Półmaraton Zielonogórski na drugim końcu świata?

Jak wygląda bieganie w dobie koronawirusa? Jak będzie wyglądać jedna z flagowych i największych biegowych imprez w naszym regionie? Mowa o Półmaratonie Zielonogórskim. Ten odbędzie się w tym roku, ale na innych zasadach.

Impreza odbędzie się w dniach od 10 do 13 września. Została rozproszona na kilka dni, bo nie będzie miała wspólnego startu tylko odbędzie się w formie korespondencyjnej.
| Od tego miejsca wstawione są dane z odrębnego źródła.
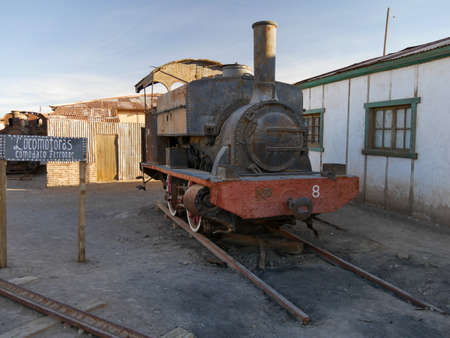 Derelict and rusting accommodation village at the historic Humberstone Saltpeter Works in the Atacama Desert near Iquique in Chile. The site is now an open air museum and a Unesco World Heritage SIteのeditorial素材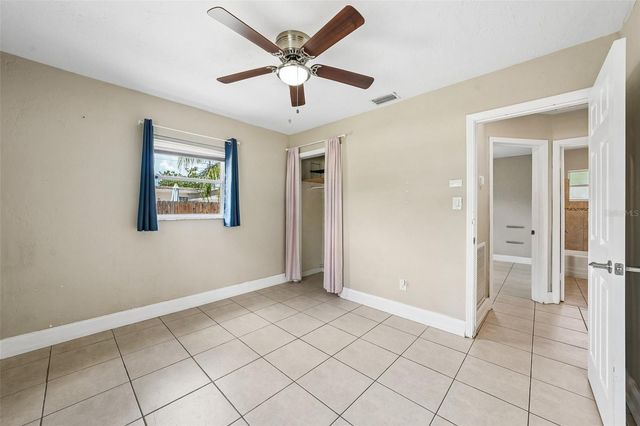 1547 56TH AVENUE N, St Petersburg, FL 33703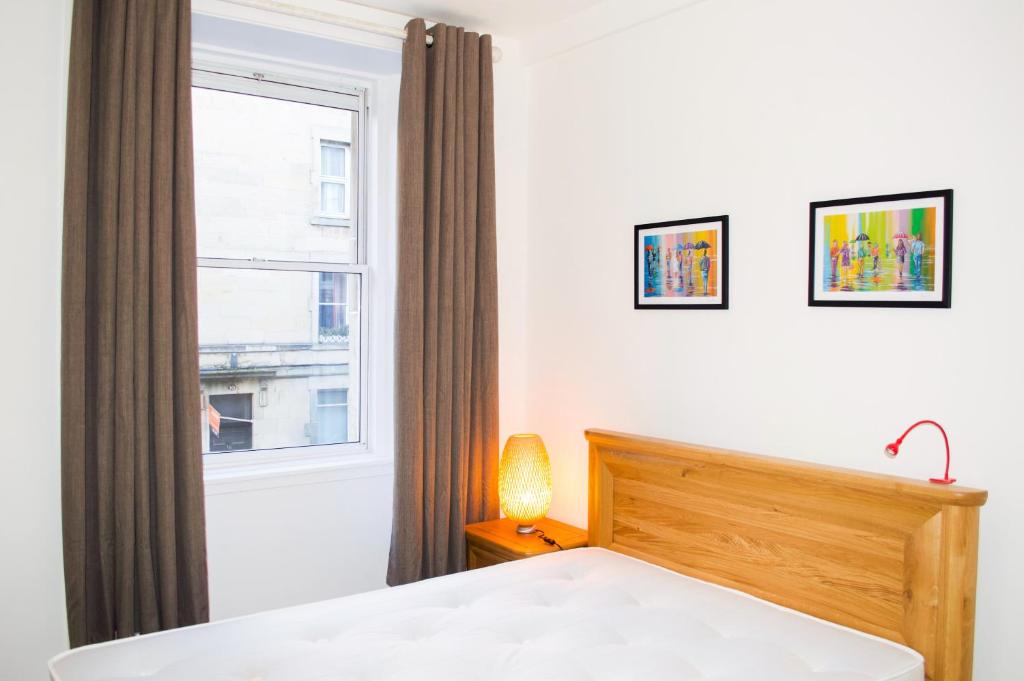 1 Bedroom Fountainbridge Flat - image 4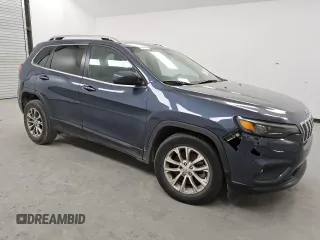 2020 Jeep Cherokee Latitude Plus with VIN 1C4PJLLB6LD653472, listed as a Copart auction lot 50411365 with 124,914 mi miles and Clean Title. Bid and sale history available at carsss.com. Image 4.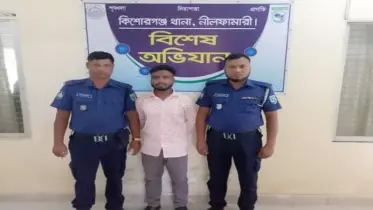 পুলিশের গাড়ীতে হামলার মামলায় সাংবাদিক গ্রেপ্তার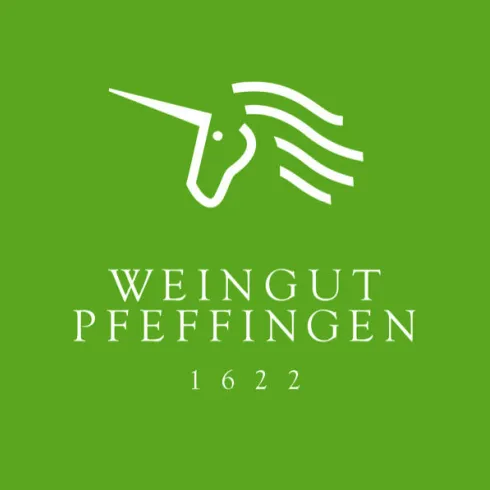Ein grünes Logo des Weinguts Pfeffingen mit einem stilisierten Einhorn. Darunter steht der Schriftzug "WEINGUT PFEFFINGEN 1622".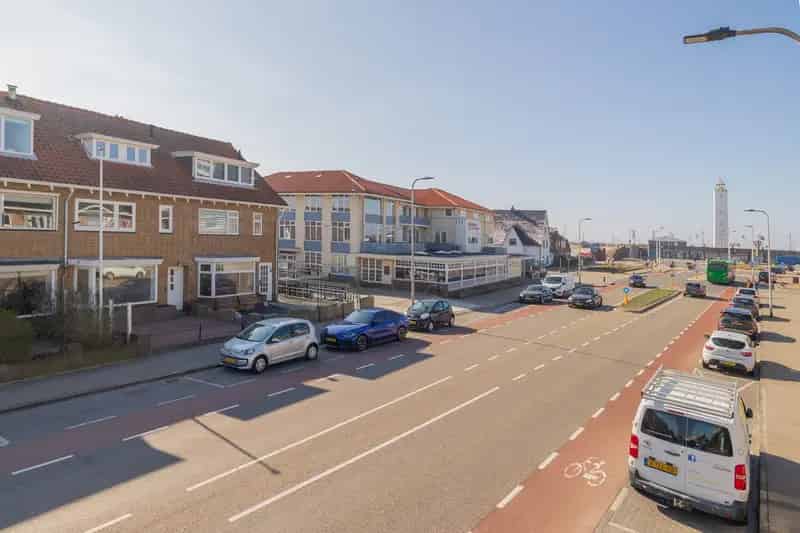 Herenhuis nabij strand met tuin en zomerhuis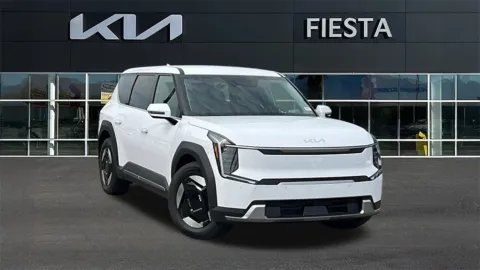 White 2026 Kia EV9 Light for sale in Indio, CA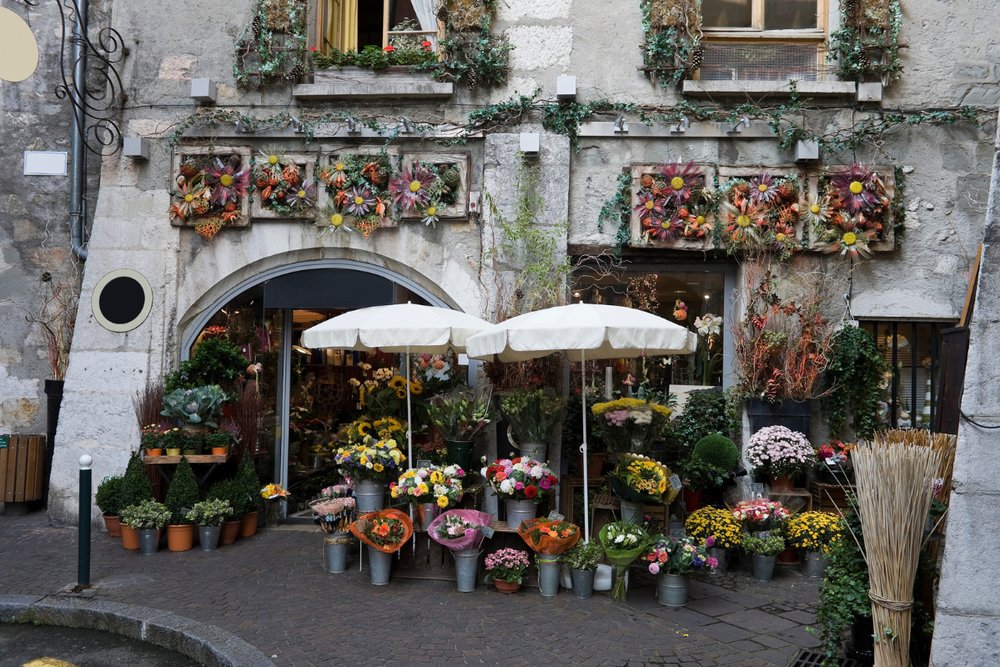  Thử Món Ngon Đặc Sản Tại Chợ Cuối Tuần Nhộn Nhịp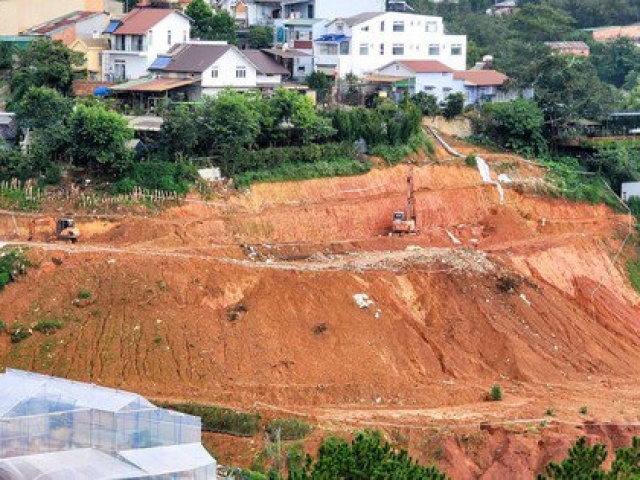 Tin bất động sản ngày 12/8: Yêu cầu dừng thi công tại dự án Thung lũng hoa Đà Lạt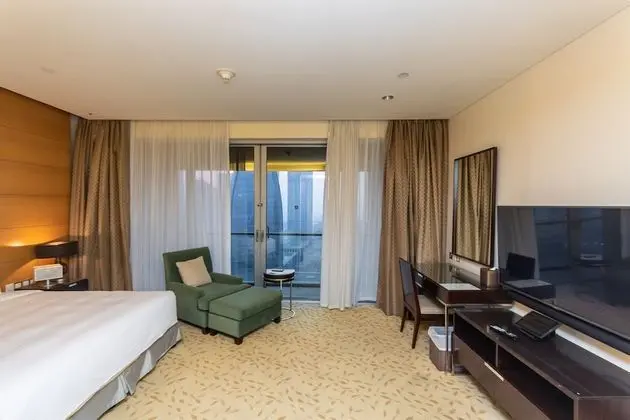 Premier Studio with Partial Burj View
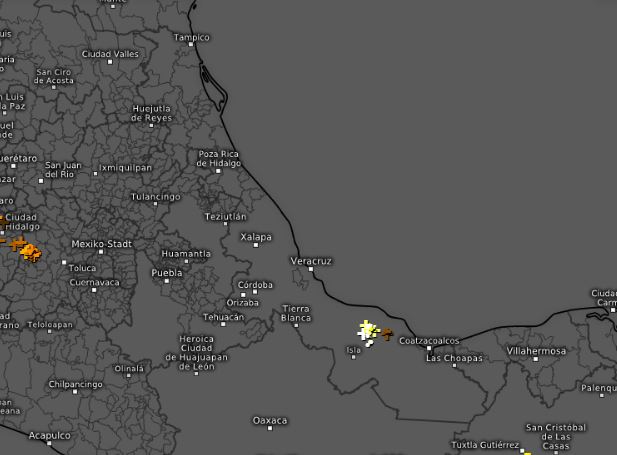 spcver's tweet photo. 5 pm. Una zona de tormentas aisladas se desarrolló rápidamente en el sur de Veracruz al sur de San Andrés y Santiago Tuxtla en donde se detecta actividad eléctrica. Mientras, se nota despejado en el resto de la región sur. #Veracruz #Nubes # https://t.co/KS0ej9MPQn
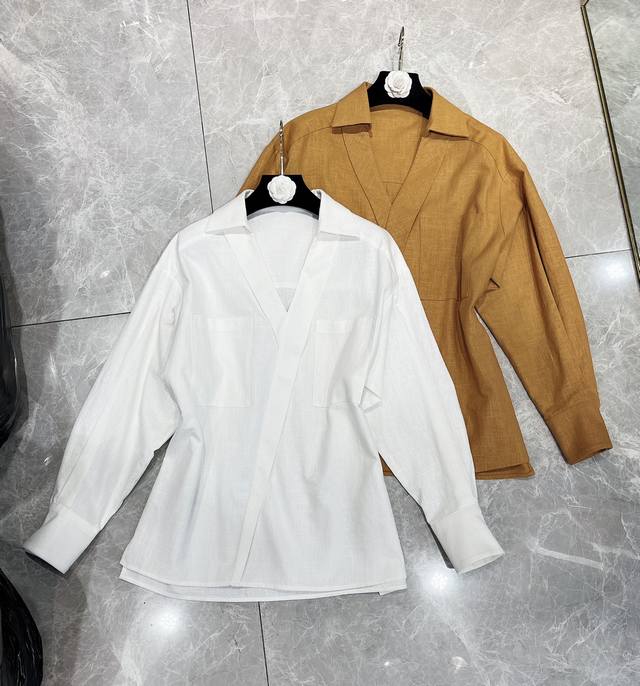 上新 独家高定衬衣首发 25Aw Celin*独家爆款极简气质感斜门襟厚款苎麻衬衣，自带松弛感的衬衣 作为多季可穿的百搭单品 无需费心搭配也能轻松演绎时髦造型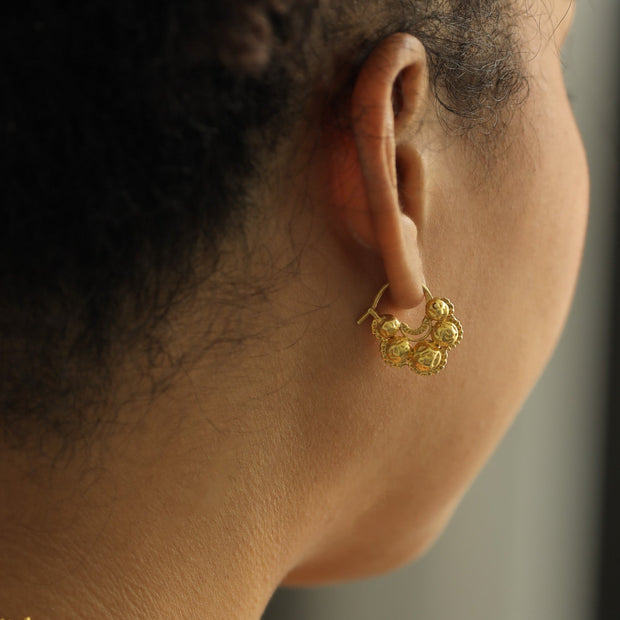 Gold Hoop Creolla Earrings AMAMI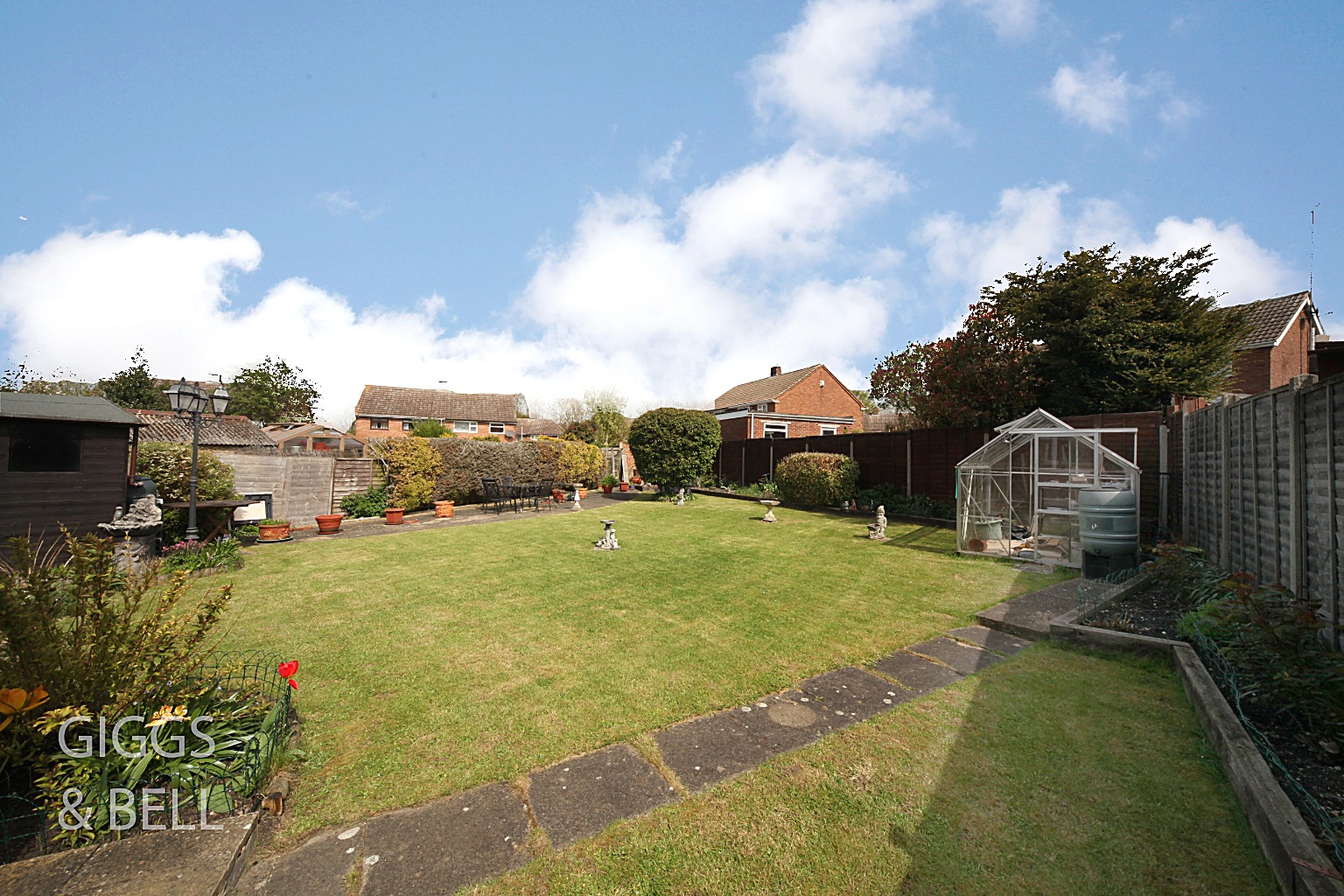 2 bed semi-detached house for sale in Lime Tree Close, Luton 15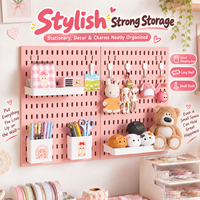Organisateur mural en panneau perforé rose avec crochets, étagère de rangement, porte-stylos pour bureau, accessoires de papeterie.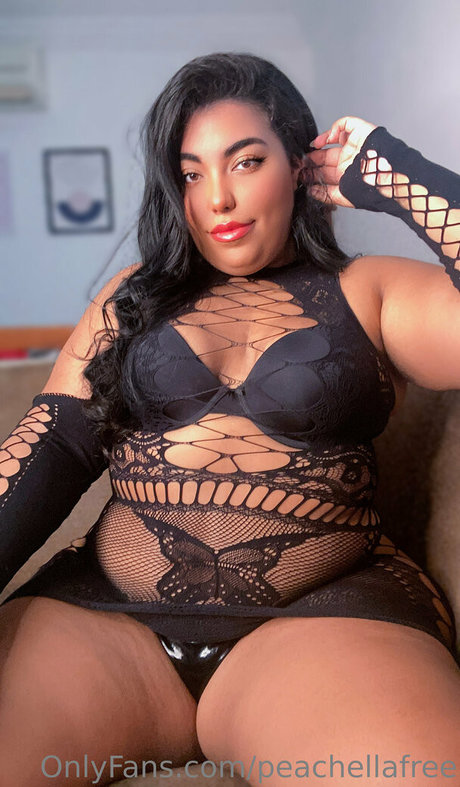 Peachellafree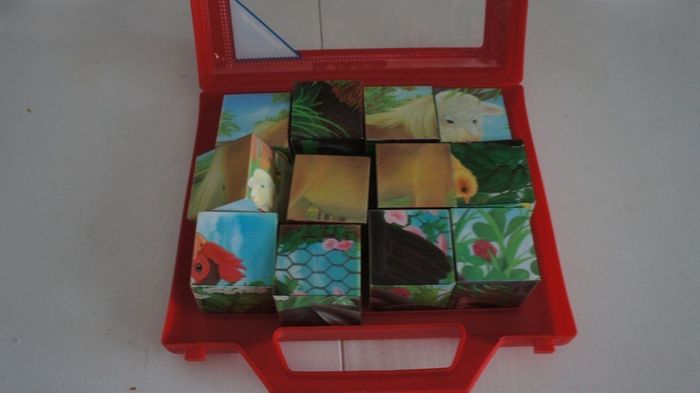 Boite de 12 cubes puzzle Ravenburger - photo numéro 2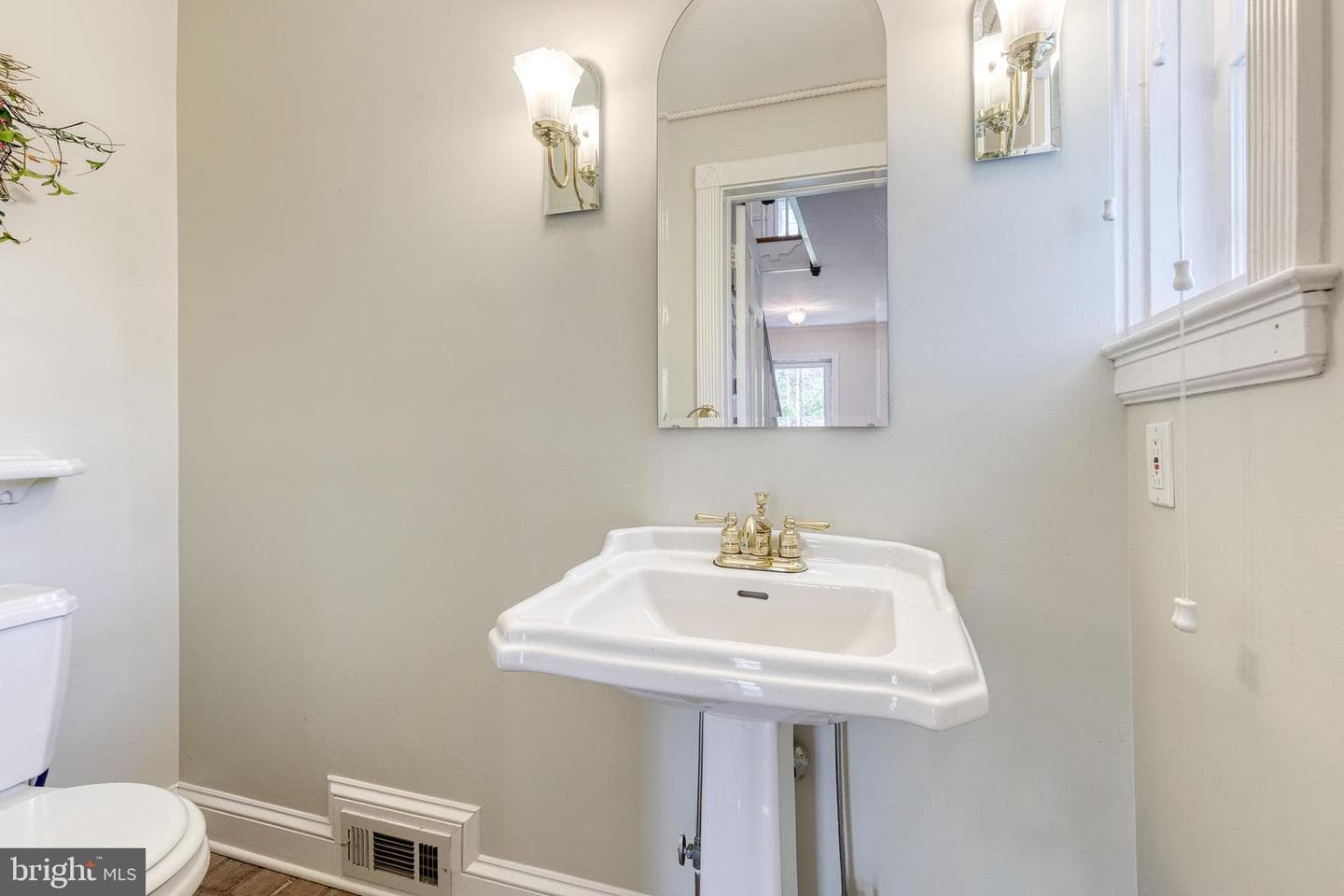 106 Goodale Road photo 8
Co się kryje za tym pojęciem? To pytanie do Piotra Sztermera, współorganizatora imprezy.

Jest to rozegranie tego biegu nie w Zielonej Górze, ze względu na to, jakie są obostrzenia w kraju, wyglądać to będzie w ten sposób, że biegacze zapisują się na nasz bieg, tak jak zawsze. Nie będzie tylko wspólnego startu. W momencie zapisów będzie możliwość pobrania aplikacji, która pozwoli ten bieg zarejestrować.

I tak można biec nawet z najodleglejszego zakątka świata. Organizatorzy planują nawet nagrodzić półmaratończyka, który zdecyduje się na start w najbardziej oddalonym miejscu od Zielonej Góry. Wspólne będą za to treningi. Pierwszy już jutro. I tak w każdą środę aż do imprezy. Start 19:00 pod „Medykiem”.

Co roku biegniemy wspólnie biegniemy sobie trasą półmaratonu. Będzie też nasza grupa pacemakerów. Oni będą też na biegu. 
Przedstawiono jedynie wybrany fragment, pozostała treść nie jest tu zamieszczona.